Liked the car, hated the price  .

So I've taken my custom elsewhere. So after 13 years in a TT of some description I will be the proud owner of a non-Audi as from Wednesday.


----------



## AudiAl (Jun 16, 2014)

What did you buy?

Sent from my SM-N910F using Tapatalk


----------



## Templar (Mar 9, 2012)

Come on spill the beans..


----------



## Skilaree (Oct 20, 2005)

AudiAl said:


> What did you buy?
> 
> Sent from my SM-N910F using Tapatalk


I'll probably be caned for this, but I am taking delivery of an Alfa Romeo Giulietta QV - the one with the engine from the 4C.
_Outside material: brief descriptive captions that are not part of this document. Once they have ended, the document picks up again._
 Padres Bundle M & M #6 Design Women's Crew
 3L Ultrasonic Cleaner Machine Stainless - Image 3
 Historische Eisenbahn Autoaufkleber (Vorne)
It has all the (major) bits that I particularly wanted from the TT MkIII (except Quattro) and sounds really nice!


----------



## ZephyR2 (Feb 20, 2013)

Sat in an S-line in the showroom last week and thought there were too many things about it, inside and out, that are similar to the Mk2. Oh, apart from the price. I'll see how the market stands in 2 years time when I'll be looking to change but at the moment I wouldn't pay all that extra for something that looks so similar. 
However I really did like the A3 convertible they had in the showroom. The top of range is a bit down on power though and the S3 convertible is a BIG jump up on price but I think that's where I'll be going next.


----------



## Alan Sl (Nov 11, 2009)

ZephyR2 said:


> Sat in an S-line in the showroom last week and thought there were too many things about it, inside and out, that are similar to the Mk2. Oh, apart from the price. I'll see how the market stands in 2 years time when I'll be looking to change but at the moment I wouldn't pay all that extra for something that looks so similar.
> However I really did like the A3 convertible they had in the showroom. The top of range is a bit down on power though and the S3 convertible is a BIG jump up on price but I think that's where I'll be going next.
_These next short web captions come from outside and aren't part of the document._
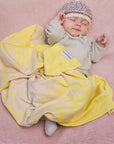 Personalized baby blanket 'SUNSHINE'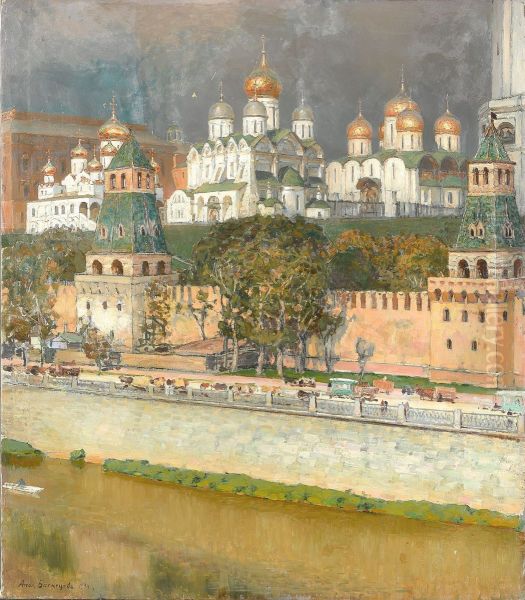 Moscow Kremlin. Cathedrals - view 1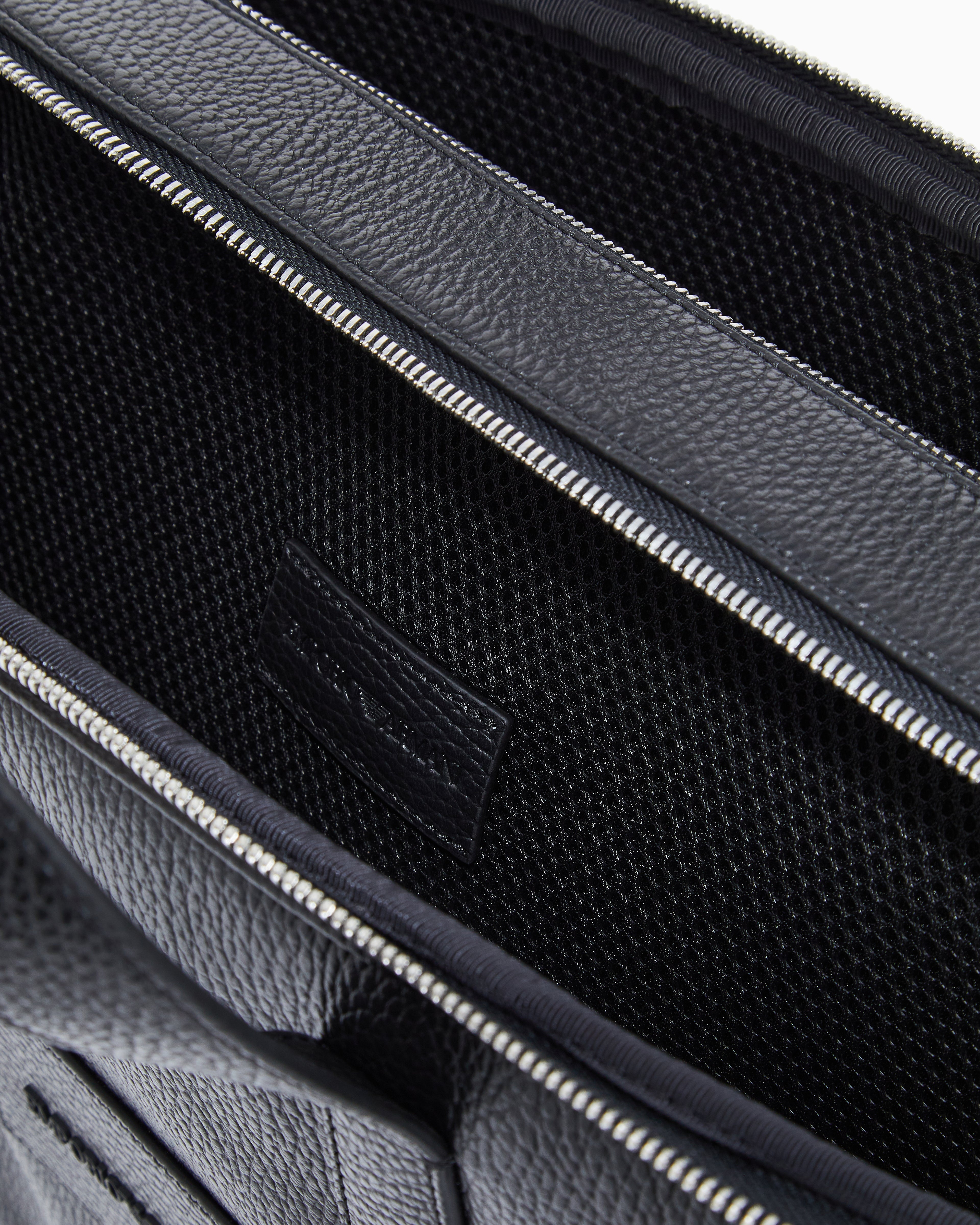 Emporio Armani business bag in tumbled leather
Very interesting that you maybe thinking of an A3 cab, because of my disappointment with the pricing of the TTR I may consider the A3 Cab, would love the S3 but agree maybe too pricey for me also - great car though.


----------



## Templar (Mar 9, 2012)

The RS3 facelift is out next year.. around 370ish bhp 5 pot and running the new haldex system plus the option of a 7 speed S Tronic....any takers ??


----------



## RockKramer (Feb 15, 2012)

Templar said:


> The RS3 facelift is out next year.. around 370ish bhp 5 pot and running the new haldex system plus the option of a 7 speed S Tronic....any takers ??


Never worked for me and more practicality than I need and wait til you see the price! Ceramic brakes are an option...


----------



## Samoa (Apr 4, 2014)

Alan Sl said:


> ZephyR2 said:
> 
> 
> > Sat in an S-line in the showroom last week and thought there were too many things about it, inside and out, that are similar to the Mk2. Oh, apart from the price. I'll see how the market stands in 2 years time when I'll be looking to change but at the moment I wouldn't pay all that extra for something that looks so similar.
> ...


I'm a fan of the new elongated A3 Cab to replace the A3 Sportback Quattro.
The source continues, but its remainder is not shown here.